By
Andy McCue
Monday, September 26 2005 09:42 AM
URL:
http://www.zdnetasia.com/news/business/0,39044229,39258780,00.htm
Offshore outsourcing has started a revolution in IT services that will see the big Indian vendors rise to the top and some of the established western players disappear, according to the head of one of India's biggest IT companies.
Speaking to silicon.com in Dublin, chief executive of Infosys Nandan Nilekani, said customers are no longer prepared to accept the "old way of doing things" when it comes to outsourcing. "This is irreversible and it is causing a churn in the market. When the dust settles there will be a new set of leaders," he said.
Nilekani pointed to the recent €1.8 billion (US$2.2 billion) ABN Amro outsourcing deal that Indian vendors Infosys, Patni Systems and Tata Consultancy Services all won significant chunks of as evidence the tide is turning in favour of the homegrown offshore providers.
He said: "That deal is very significant to us and more importantly it is a tipping point in Europe. European global outsourcing is coming of age. In the view of customers we are all equal."

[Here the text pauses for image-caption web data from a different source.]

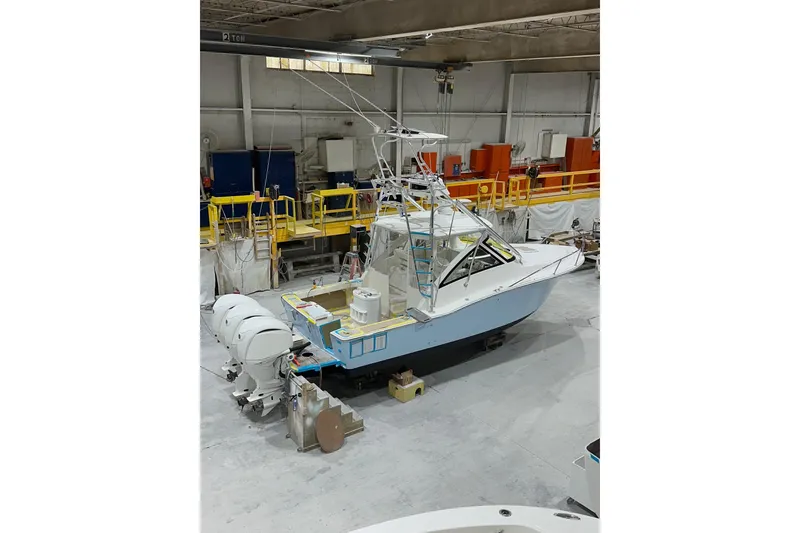 Slide: The Image of 2026 Albemarle 30 Express boat in a workshop, featuring dual outboard engines. - 3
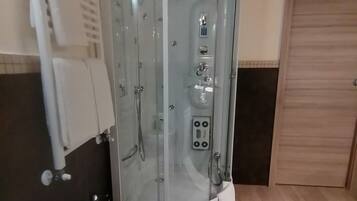 A bathroom with a glass-enclosed shower, a toilet, and a bidet.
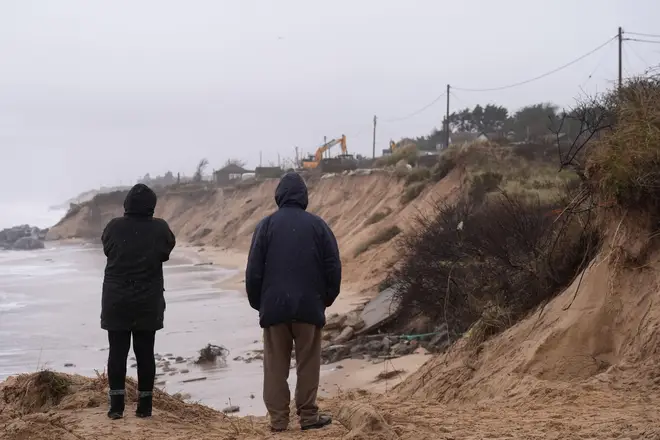 Local residents look on as properties are demolished close to the cliff edge at Hemsby in Norfolk, which are at risk of collapse as high tides cut into sandy cliffs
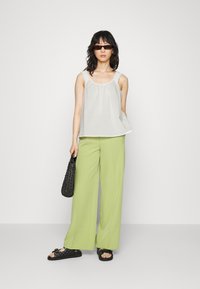 Top branco sem mangas com decote franzido, combinado com calças largas verde claras. Os acessórios incluem uma bolsa tecida preta e óculos de sol escuros.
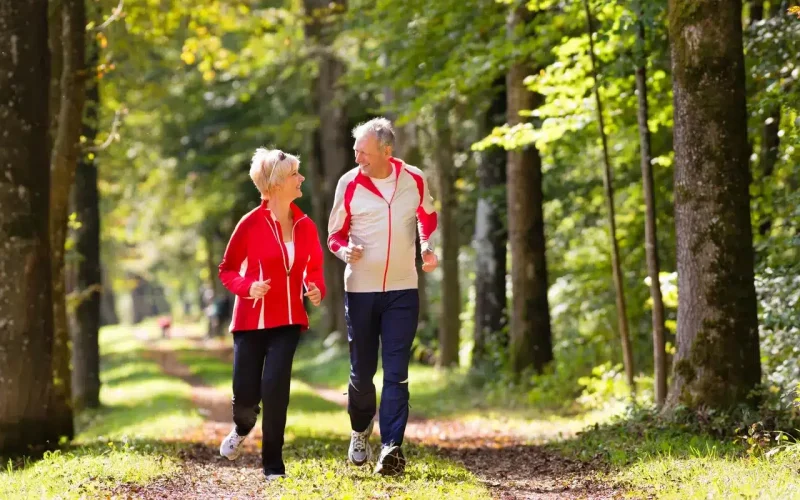 Two older adults jogging on a tree-lined path in a park, both wearing athletic clothing and looking at each other.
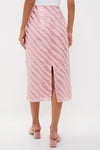 Soft Pink Shimmer Stripes Milan Midi Skirt with diagonal sequins and back slit, styled with blush velvet mules for a classic, effortless, and high-end look.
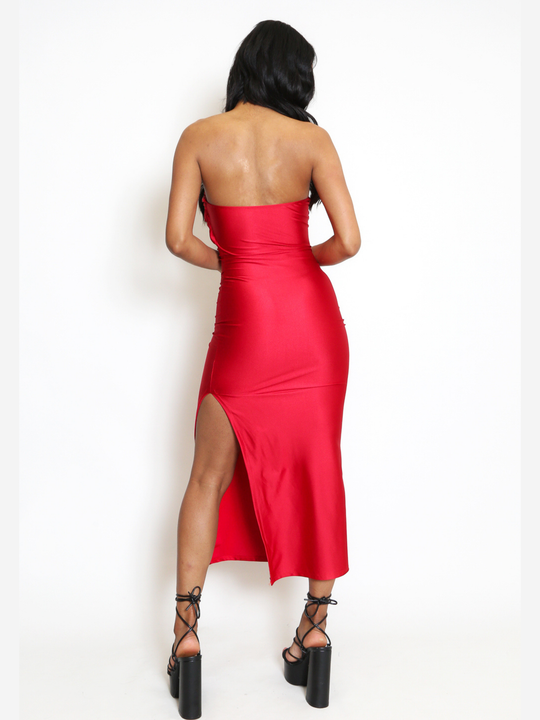 Full length shot. Female model stands in front of a plain background, she wears a red midi dress that has a ruched cup design and red bandeau sequin front insert. The midi dress also has a side split. The model has light brown skin and long black hair, she tands with her back to the camera, the back of the dress can be seen, including with a thigh side split. The model wears a black chunky heeled shoes.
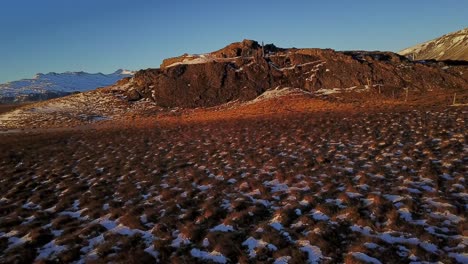 Niedrige-Filmische-Eröffnungssequenz-über-Der-Isländischen-Landschaft-Mit-Luftaufnahme-Einer-Drohne,-Die-Den-Bergigen-Hintergrund-In-Warmem-Sonnenlicht-Enthüllt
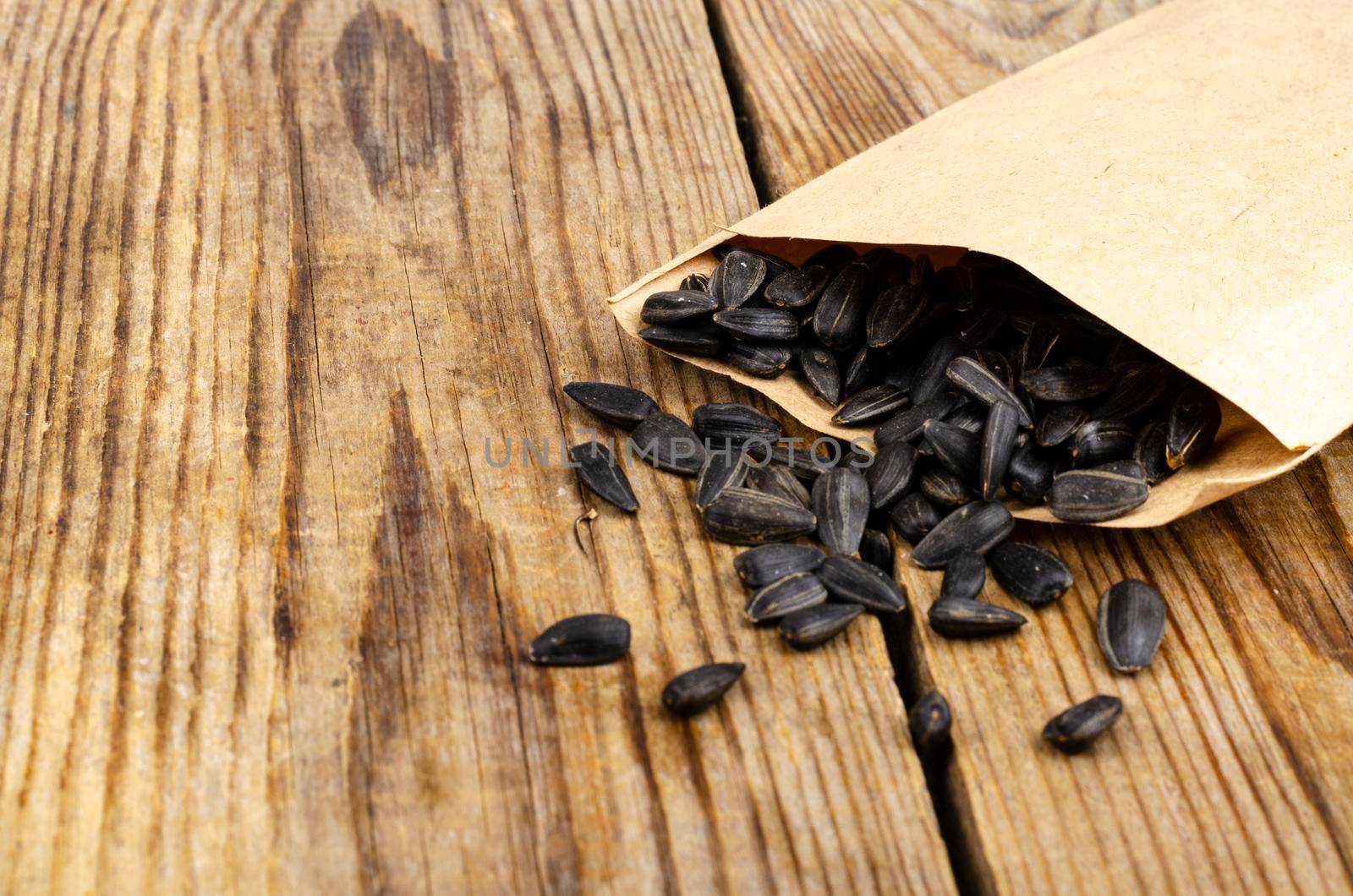 Black unpeeled sunflower seeds in craft bag on wooden table. by ArtCookStudio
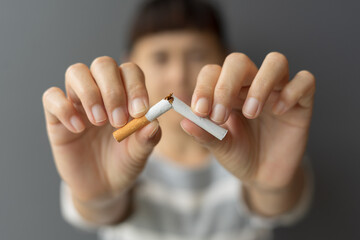 Portrait young woman holding broken cigarette in hands. Happy female quitting refusing smoking...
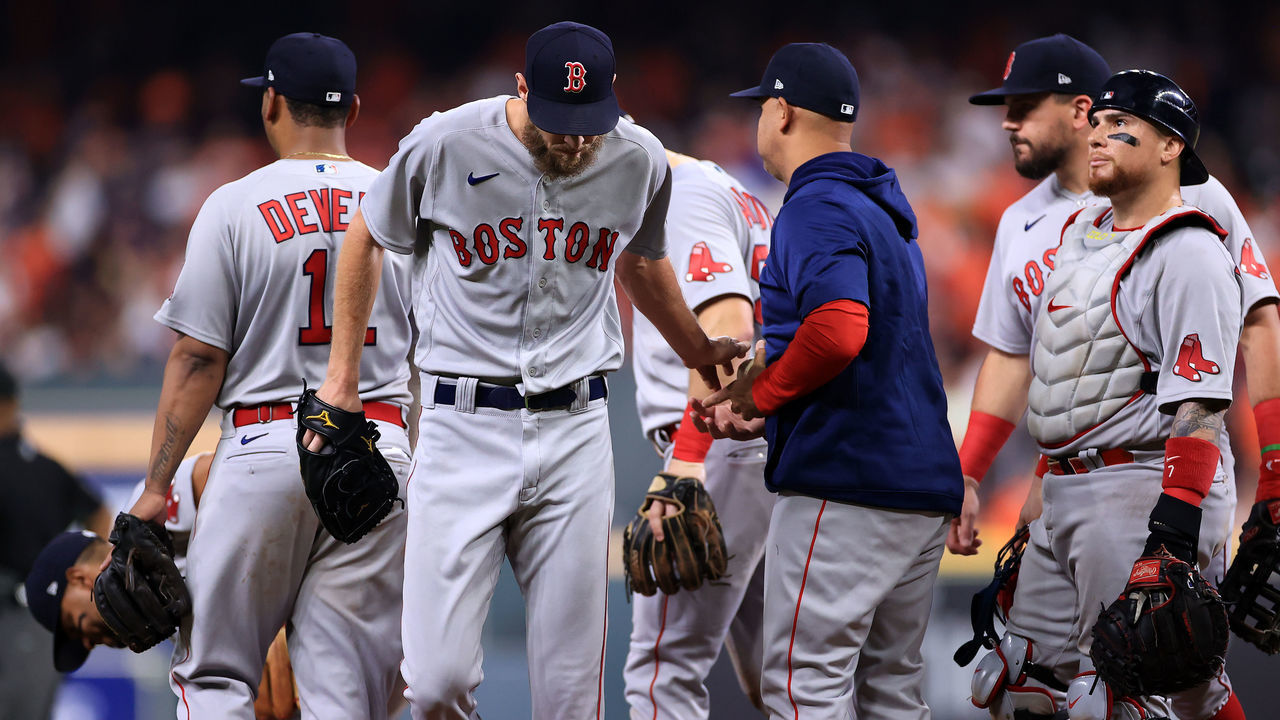 HOUSTON, TEXAS - OCTOBER 15: Chris Sale #41 of the Boston Red Sox is taken out of the game by manager Alex Cora in the third inning against the Houston Astros during Game One of the American League Championship Series at Minute Maid Park on October 15, 2021 in Houston, Texas.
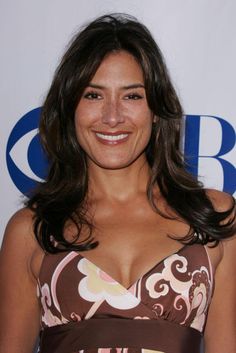 a woman in a brown and pink dress smiling at the camera with her eyes closed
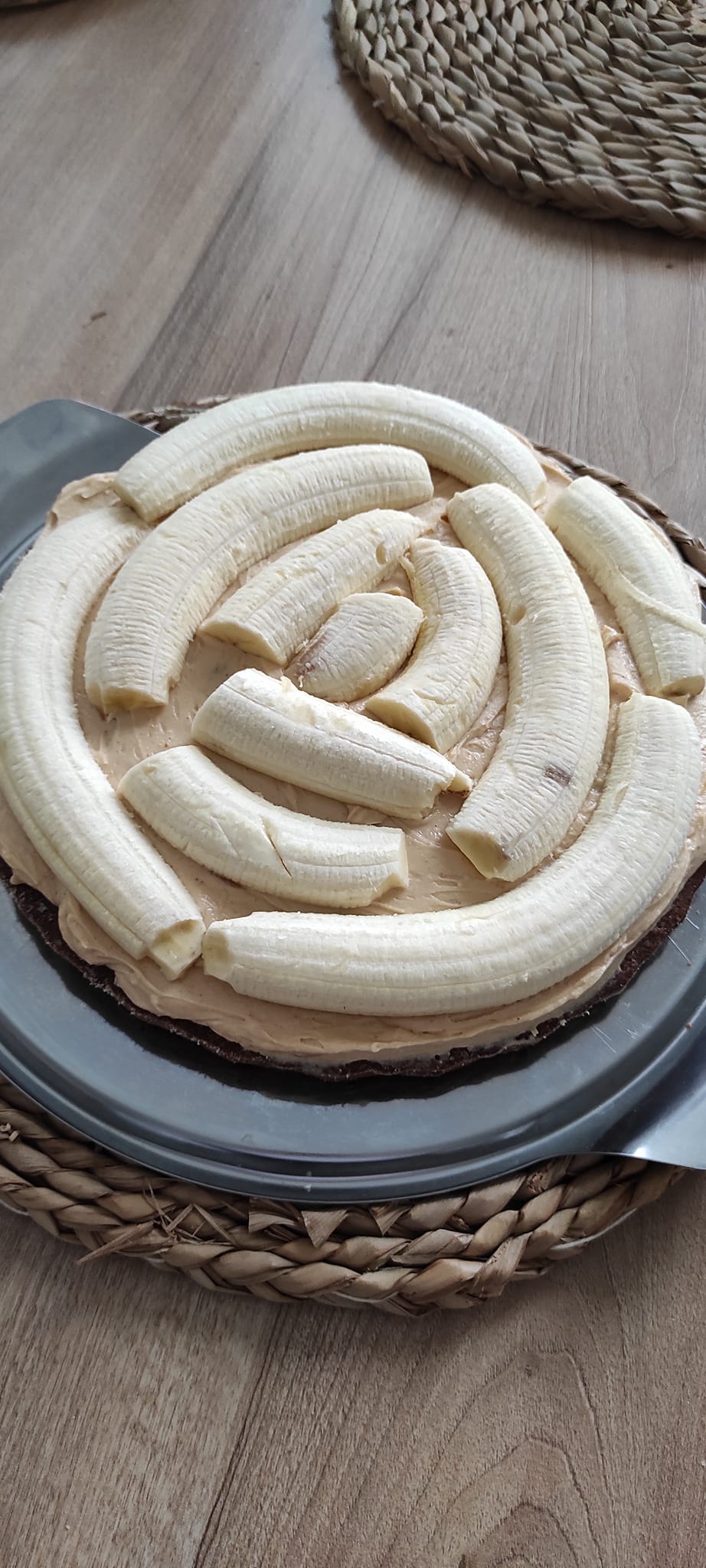 Detailní řez banánovým dortem s viditelnými vrstvami tmavého arašídového krému, celými banány a vysokou čepicí bílého mascarpone krému.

Nilekani also acknowledged the impact that rapid economic growth in China will have on the IT market but said it is more of an opportunity than a threat to the Indian companies.
"China has to be part of your equation and we are investing $65 million in China," he said. "It is a fast growing economy and a lot of our global customers have ambitions in China."
Ian Marriott, research VP at Gartner, agreed that the offshore outsourcing phenomenon will cause a reordering of the top global IT service providers.
He said: "The top 10 providers of the future may be five of the traditional outsourcers and five of the Indian companies. There will certainly be a shakeout and some [of the traditional outsourcers] will drop away."
Silicon.com's Andy McCue reported from London.